■ ASSIGNMENT ■
When the line with "AmiraUK's Profile Pic" comes up, set it down and every later line to the end of the data, exactly and without pictures.

■ RECORDED INFORMATION ■
□ □ □

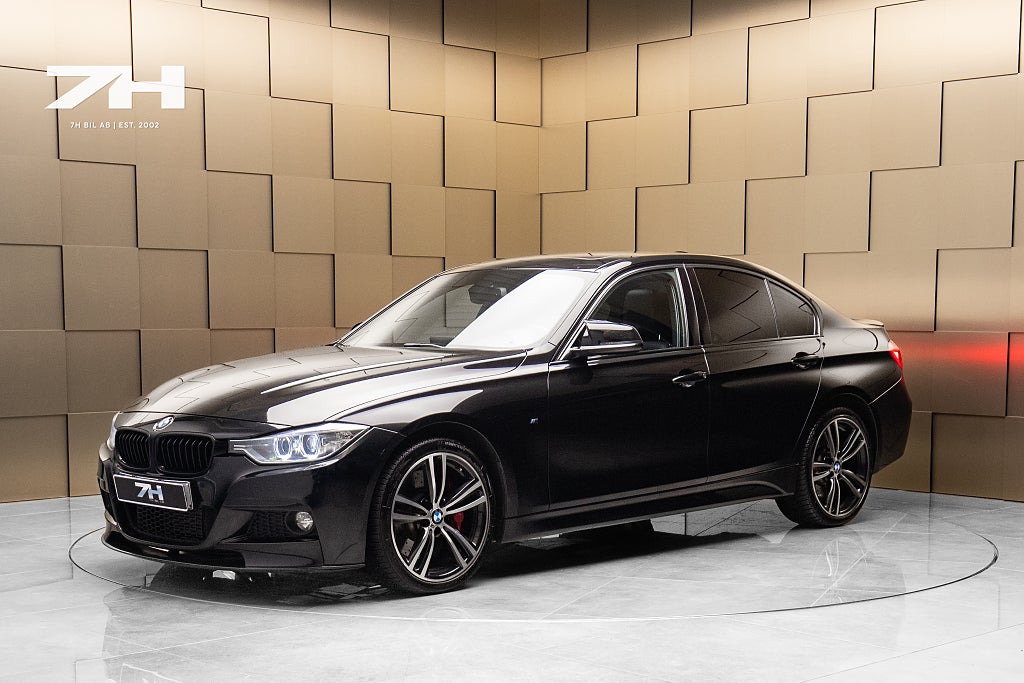 BMW 335i xDrive M Performance Sedan / Ny Motor  / H&K / Pano /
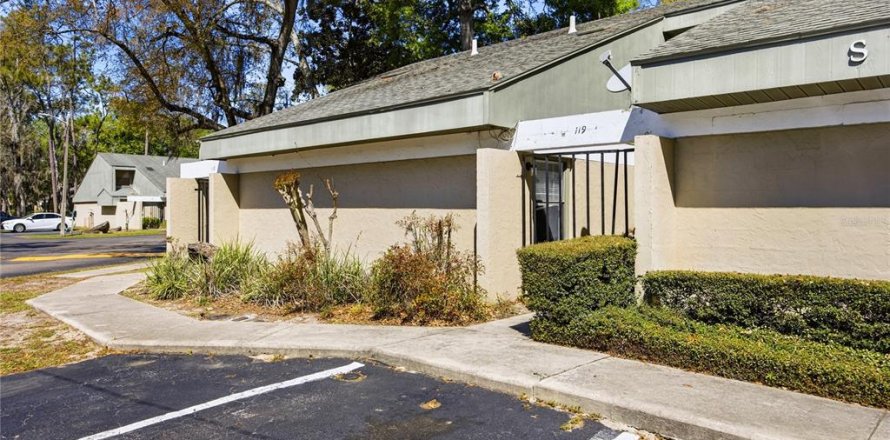 Condo in Gainesville, Florida, 2 bedrooms № 2115844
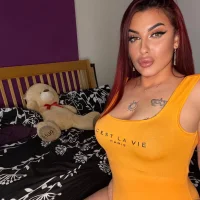 AmiraUK's Profile Pic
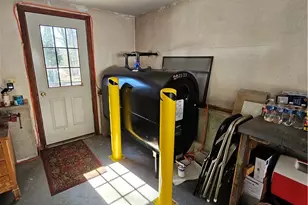 32 Chandler Dr, Coventry, RI 02816 - Photo 6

□ □ □

■ RESULT OF THIS EXERCISE ■
 AmiraUK's Profile Pic
 32 Chandler Dr, Coventry, RI 02816 - Photo 6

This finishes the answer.